セロハンで光の色を変えて植物にあてれば、光合成が利用できる光を突き止めることができますか?
原理的にはできます。そして、模範解答として、赤と青の光はクロロフィルによく吸収されるので光合成をするが、緑の光は吸収されにくいので、光合成をあまりしない、などと説明されている場合もあります。ただし、実際にやろうと思うと案外大変です。次のようなさまざまな問題点について考える必要があります。
1.光の色によって影響を受けるのは光合成だけではありません。赤や青の光の量によって草丈や植物体の形などが大きく左右されることが分かっています(その一番極端な例が「もやし」です)。したがって、デンプンの合成や酸素の発生、あるいはBTB溶液の色の変化によって光合成を直接観察している場合はよいのですが、植物の背の高さなどで判断しようとすると、それが本当に光合成への影響によるものなのかどうかがわかりません。
2.陸上植物の場合、葉の構造(細胞の配置)をうまく使ってクロロフィルが吸収しにくい緑色の光も80%以上は吸収します。赤と青の光の吸収は90%程度ですから、その10%の差を見分けるのは通常至難の業です。

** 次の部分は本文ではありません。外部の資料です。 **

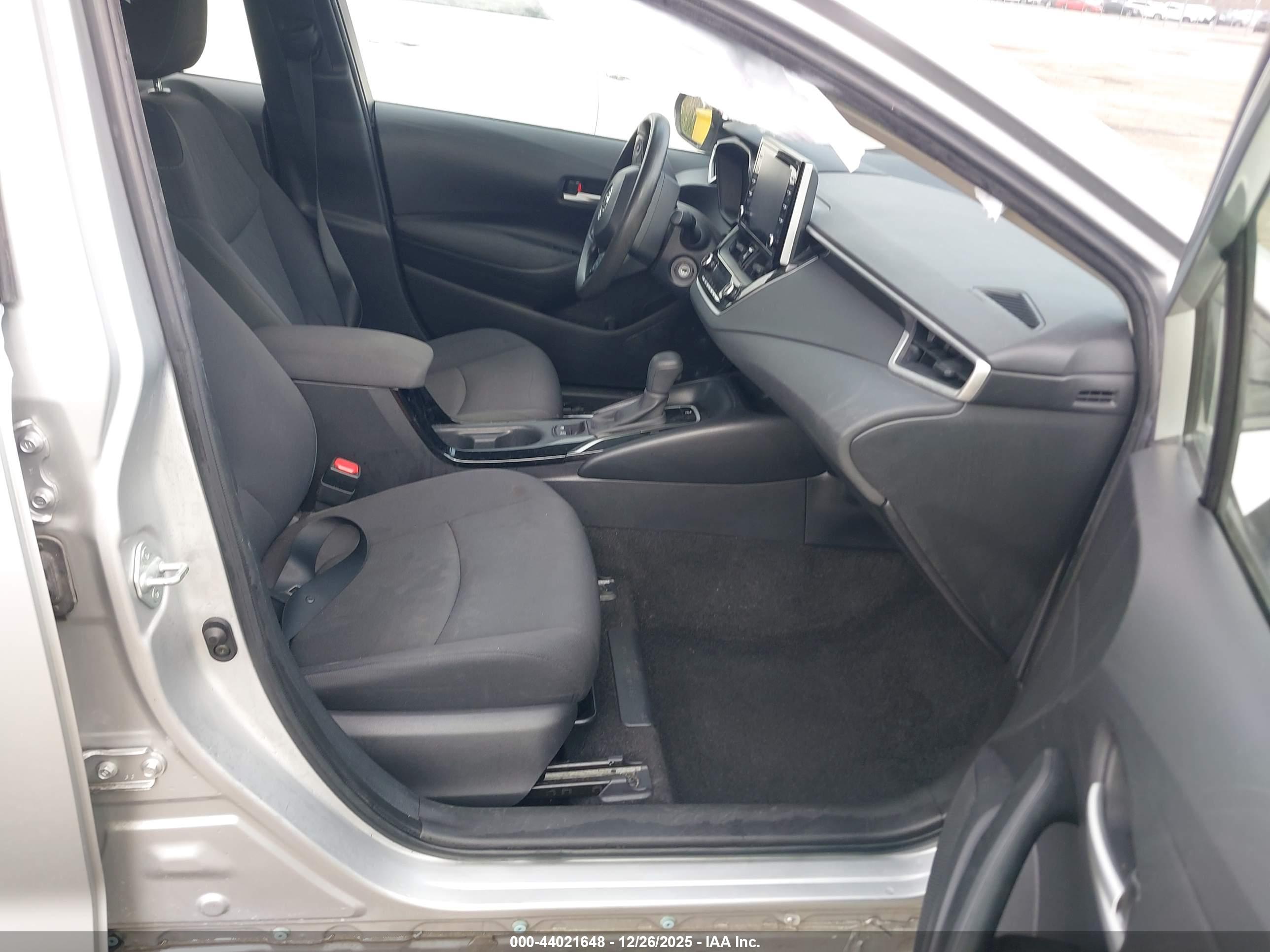 TOYOTA COROLLA image 5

3.藻類や水草などの、水の中の光合成生物の場合は、緑色の光の透過率は陸上植物より高いので、光の色を変えた時の差は比べやすいと思います。しかし、光合成が飽和するような強い光、つまり光の吸収ではなく、例えば二酸化炭素の吸収速度が全体の光合成の速度を決めているような場合には、その光の色が赤だろうが緑だろうが差は出なくなってしまいます。実験をするためには、光の量によって光合成の速度が変わるような、弱い光を使う必要があります。
4.光の量によって光合成の速度が変わるような条件では、当然のことながら、光の量をそろえて実験をする必要があります。しかし、緑色のセロハンを通して得られた緑色の光の量と、赤いセロハンを通して得られた赤い光の量が同じである保証はありません。何らかの形で光の量を測定して同じにする必要がありますが、一般家庭では光量計は手に入りづらいのではないかと思います。
5.以上のような条件をすべてクリアしたとしても、結果をどのように定量化するか、という問題が残ります。光合成をする条件としない条件で比較をする場合、ヨウ素デンプン反応であれば、濃く染まるか、ほとんど染まらないかでしょうから、充分に見分けがつきます。しかし、光合成が3割ほど低くなったとして、その色の変化をきちんと示すことができるか、難しいかもしれません。BTBの色の変化の場合は色調の変化ですから、それを定量的に比較するのはもっと大変でしょう。高校などで分光器を持っていれば、それで吸収スペクトルを測定して定量化することはできますけれども。その意味で、オオカナダモから出る酸素の泡の数を数える場合には、比較的簡便にデータの定量化ができるでしょう。ただし、この場合、別のオオカナダモを使うと、泡の出方が違いますから、複数のオオカナダモを使って同時並行で実験をすることができません。同じオオカナダモを使って、次々色を変える必要があります。その間、オオカナダモの状態と、光の状態を一定に保つ必要がありますから、これもそれほど簡単なことではありません。
結論としては、実際にやろうとすると、光の色が光合成に与える影響を調べるのはかなり高度な実験になります。しかし、周到な準備と、ある程度の設備、そして充分な考察をすれば不可能ではないので、自由研究としては挑戦しがいのあるテーマとも言えるかもしれません。